Web page caption snippets
-- -- --

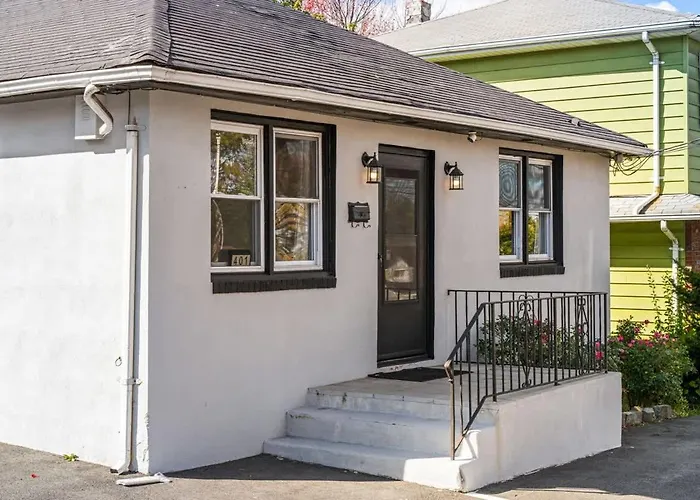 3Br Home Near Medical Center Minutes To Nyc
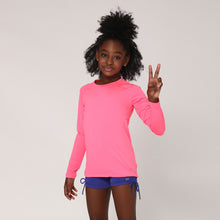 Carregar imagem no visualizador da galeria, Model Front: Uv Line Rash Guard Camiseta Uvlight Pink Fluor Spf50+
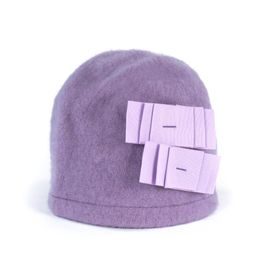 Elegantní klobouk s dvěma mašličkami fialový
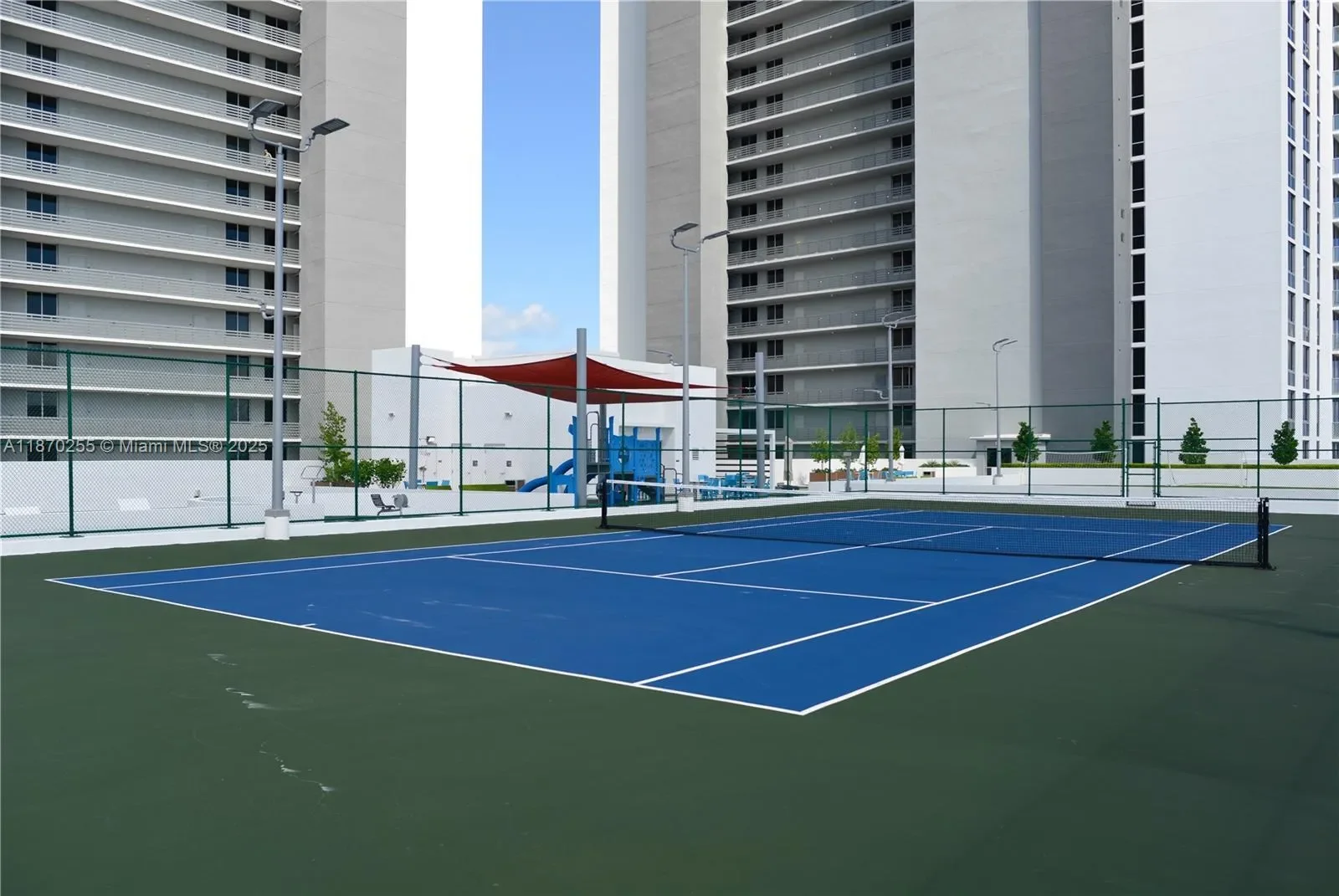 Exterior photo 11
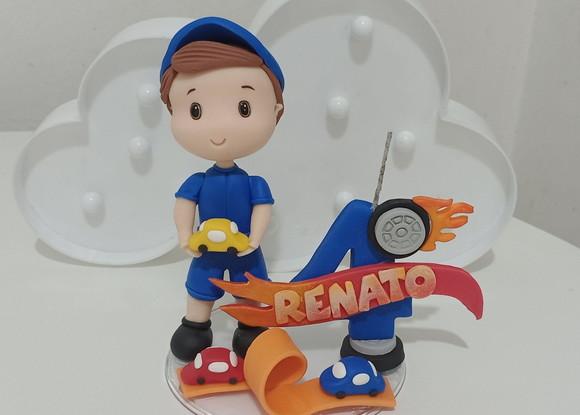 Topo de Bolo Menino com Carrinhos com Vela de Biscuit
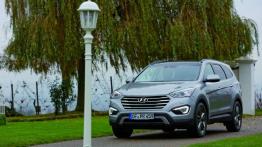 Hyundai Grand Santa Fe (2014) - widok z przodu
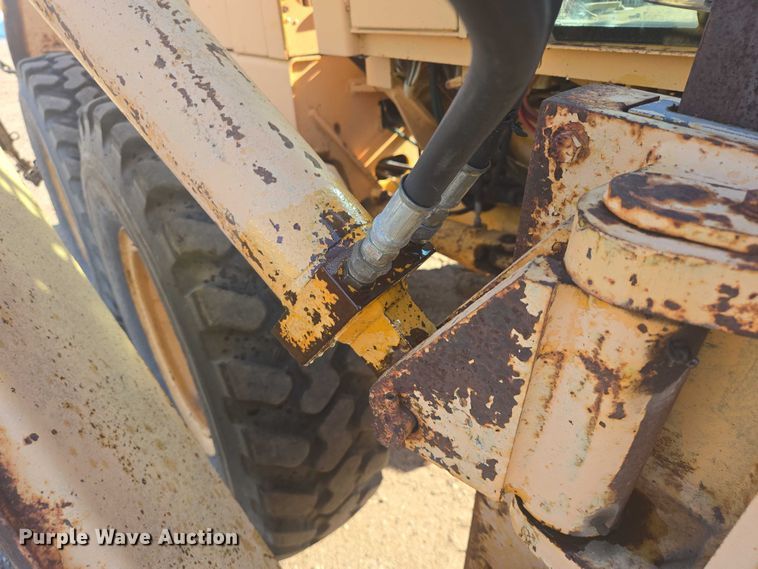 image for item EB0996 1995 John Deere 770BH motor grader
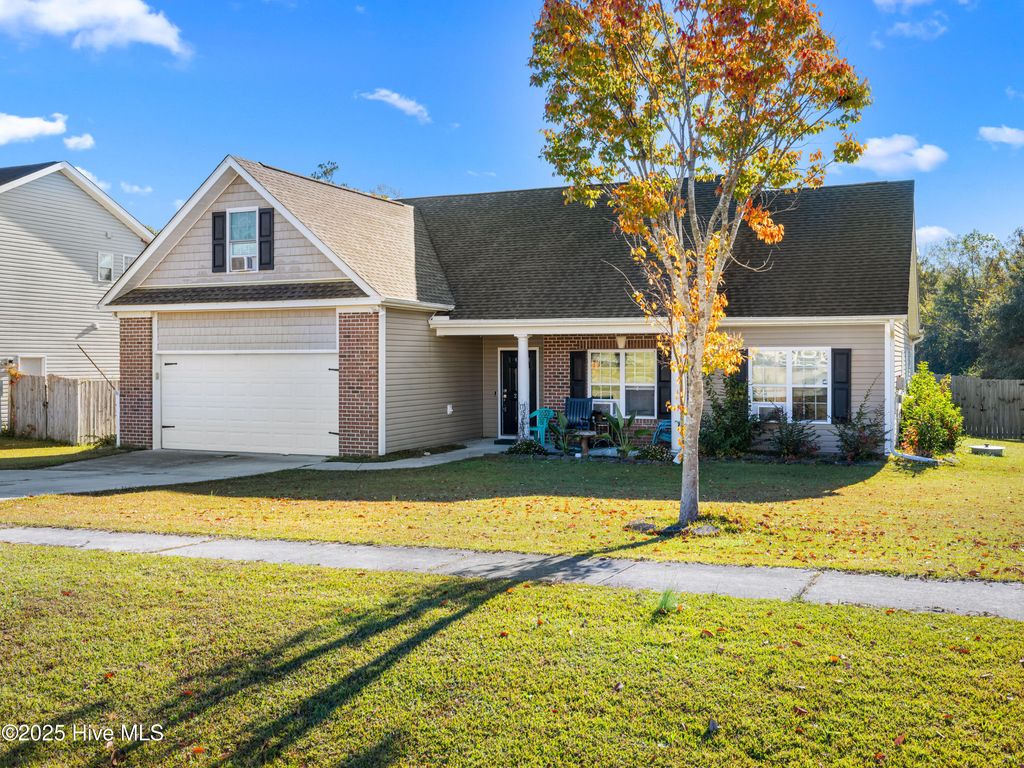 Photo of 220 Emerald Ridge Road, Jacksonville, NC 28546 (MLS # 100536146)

-- -- --

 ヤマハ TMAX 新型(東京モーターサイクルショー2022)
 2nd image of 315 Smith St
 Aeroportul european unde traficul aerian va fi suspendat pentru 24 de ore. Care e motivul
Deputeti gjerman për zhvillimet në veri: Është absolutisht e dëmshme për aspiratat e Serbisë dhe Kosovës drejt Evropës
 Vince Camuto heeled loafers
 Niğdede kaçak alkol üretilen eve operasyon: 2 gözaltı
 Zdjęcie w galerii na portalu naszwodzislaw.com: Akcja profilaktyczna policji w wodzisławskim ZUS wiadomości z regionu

-- -- --

Action item:
Return exactly the lines above, from the one with "3Br Home Near Medical Center Minutes To Nyc" up to and including the one with "Photo of 220", and include no pictures.

Output of the exercise:
 3Br Home Near Medical Center Minutes To Nyc
 Carregar imagem no visualizador da galeria, Model Front: Uv Line Rash Guard Camiseta Uvlight Pink Fluor Spf50+
 Elegantní klobouk s dvěma mašličkami fialový
 Exterior photo 11
 Topo de Bolo Menino com Carrinhos com Vela de Biscuit
 Hyundai Grand Santa Fe (2014) - widok z przodu
 image for item EB0996 1995 John Deere 770BH motor grader
 Photo of 220 Emerald Ridge Road, Jacksonville, NC 28546 (MLS # 100536146)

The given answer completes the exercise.